- **Problem to solve**:
From the listing below, reproduce exactly the lines starting with the one with "Picture yourself in" and going on through the one with "Stop on by and", both ends kept. No picture is copied.

--- Extracted records Enclosed Below ---

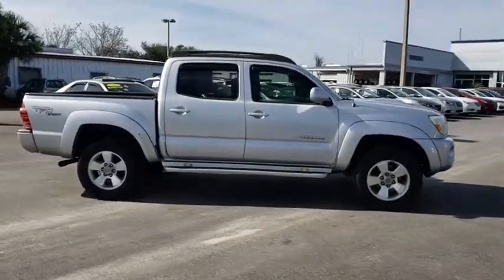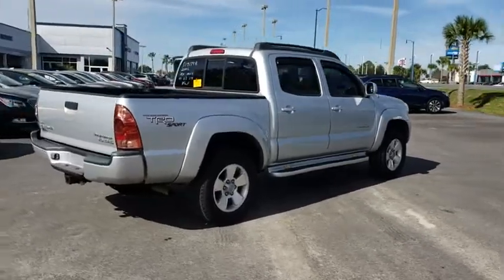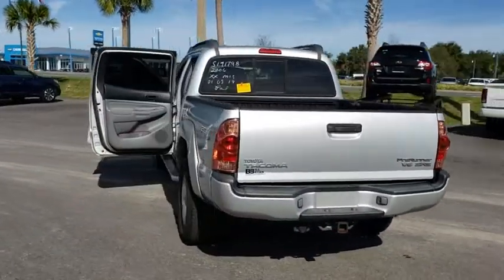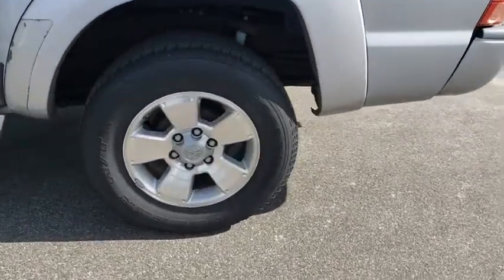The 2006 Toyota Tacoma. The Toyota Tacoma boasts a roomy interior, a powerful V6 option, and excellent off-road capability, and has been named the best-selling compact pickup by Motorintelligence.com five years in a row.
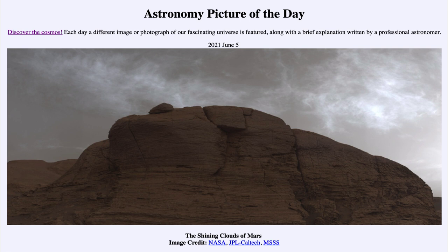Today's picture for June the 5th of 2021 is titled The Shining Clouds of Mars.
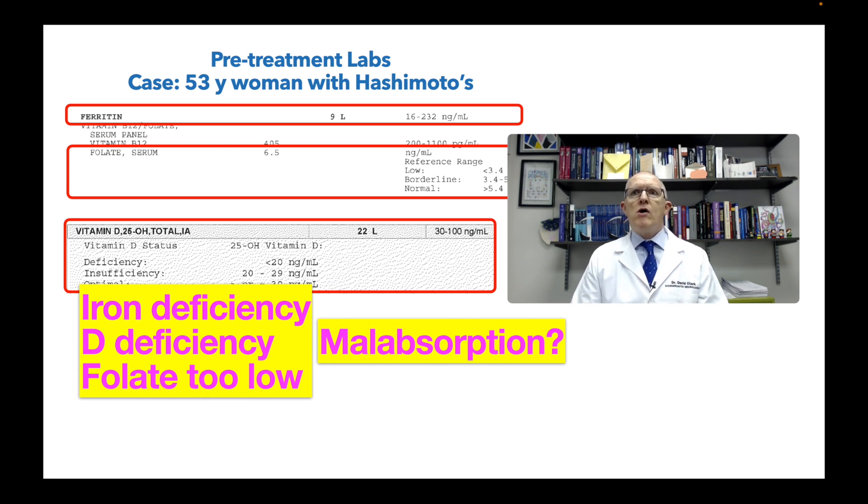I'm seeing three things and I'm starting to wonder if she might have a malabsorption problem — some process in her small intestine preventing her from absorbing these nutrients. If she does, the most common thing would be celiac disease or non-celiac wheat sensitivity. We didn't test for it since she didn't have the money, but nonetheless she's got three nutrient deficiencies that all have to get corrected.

--- End of Enclosed Extracted records ---
--- Extracted records Enclosed Below ---

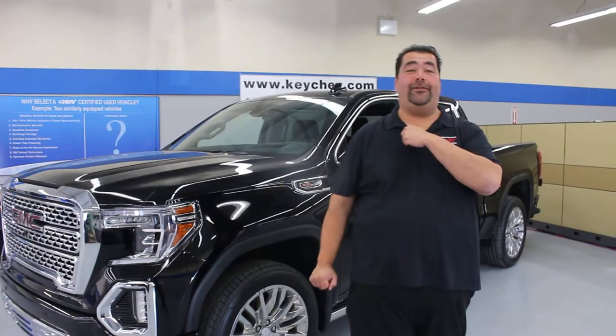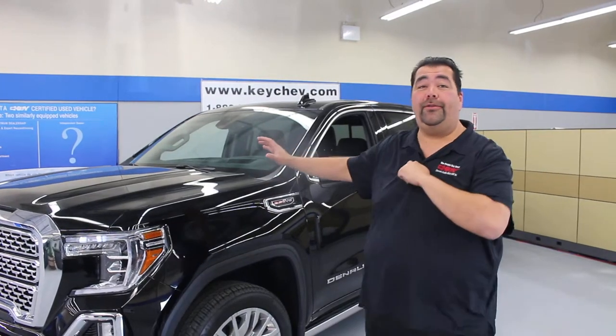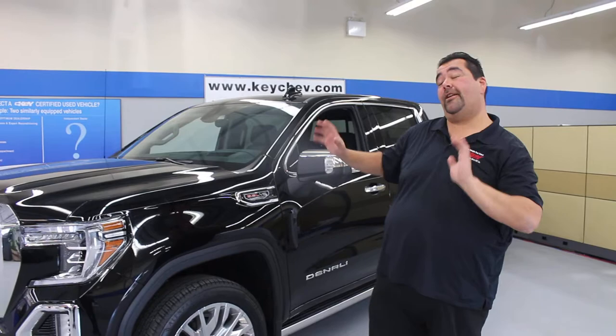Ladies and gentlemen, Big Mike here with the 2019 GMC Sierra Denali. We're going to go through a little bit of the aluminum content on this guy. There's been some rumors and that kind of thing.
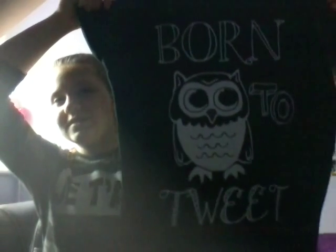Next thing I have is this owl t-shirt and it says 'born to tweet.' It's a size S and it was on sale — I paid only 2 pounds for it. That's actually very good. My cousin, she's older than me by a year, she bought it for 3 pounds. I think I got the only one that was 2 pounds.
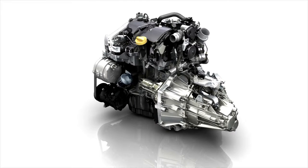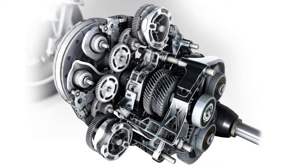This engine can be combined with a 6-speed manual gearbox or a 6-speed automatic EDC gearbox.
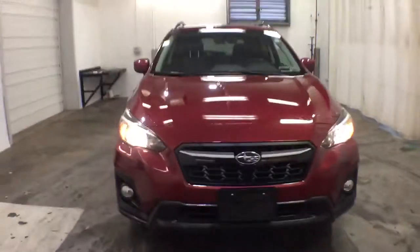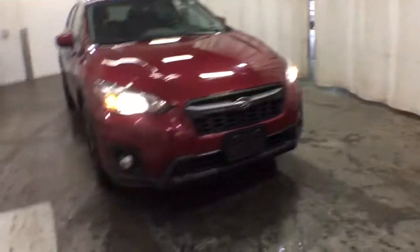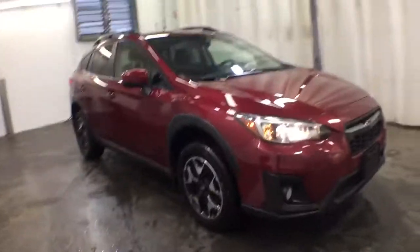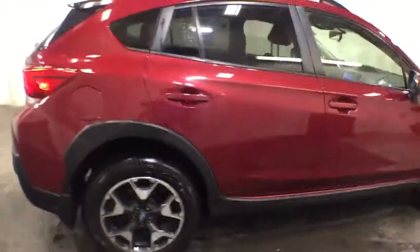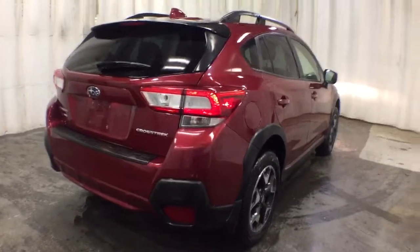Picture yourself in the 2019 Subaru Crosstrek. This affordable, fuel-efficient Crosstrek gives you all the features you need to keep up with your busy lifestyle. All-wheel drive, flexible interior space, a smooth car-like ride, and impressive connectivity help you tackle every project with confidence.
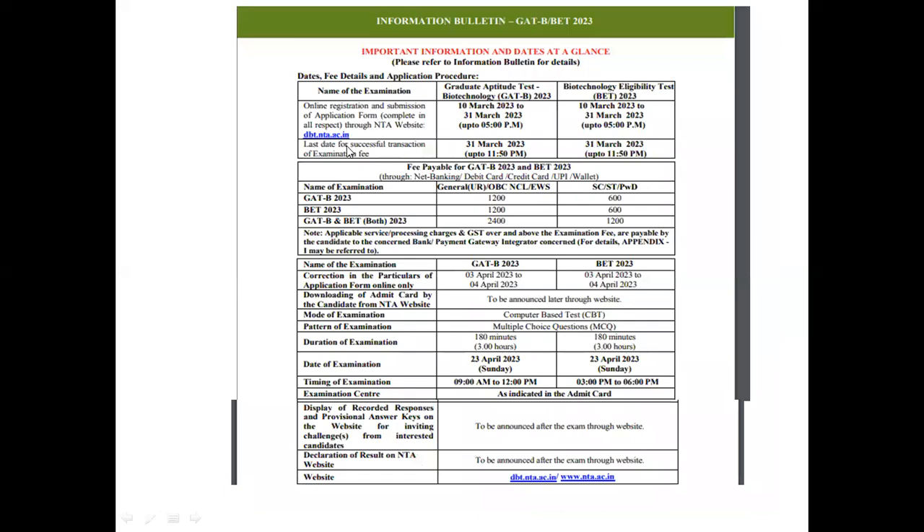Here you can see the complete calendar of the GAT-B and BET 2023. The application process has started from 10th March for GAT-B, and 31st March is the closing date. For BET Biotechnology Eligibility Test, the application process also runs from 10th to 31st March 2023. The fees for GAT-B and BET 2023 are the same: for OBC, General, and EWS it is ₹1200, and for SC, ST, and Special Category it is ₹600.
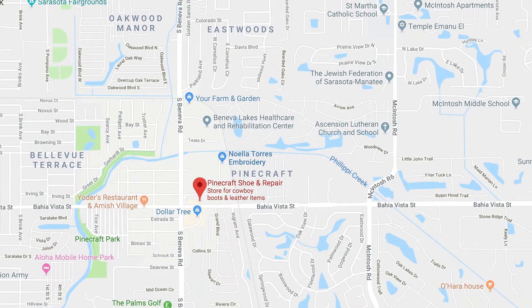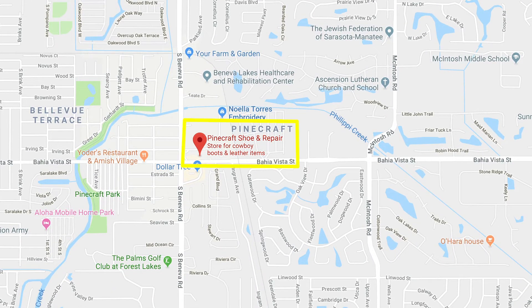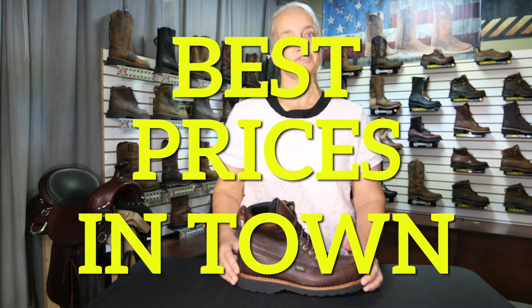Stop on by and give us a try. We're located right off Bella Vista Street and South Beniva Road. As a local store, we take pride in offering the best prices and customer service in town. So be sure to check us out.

--- End of Enclosed Extracted records ---

- **Task result**:
Picture yourself in the 2019 Subaru Crosstrek. This affordable, fuel-efficient Crosstrek gives you all the features you need to keep up with your busy lifestyle. All-wheel drive, flexible interior space, a smooth car-like ride, and impressive connectivity help you tackle every project with confidence.
Here you can see the complete calendar of the GAT-B and BET 2023. The application process has started from 10th March for GAT-B, and 31st March is the closing date. For BET Biotechnology Eligibility Test, the application process also runs from 10th to 31st March 2023. The fees for GAT-B and BET 2023 are the same: for OBC, General, and EWS it is ₹1200, and for SC, ST, and Special Category it is ₹600.
Stop on by and give us a try. We're located right off Bella Vista Street and South Beniva Road. As a local store, we take pride in offering the best prices and customer service in town. So be sure to check us out.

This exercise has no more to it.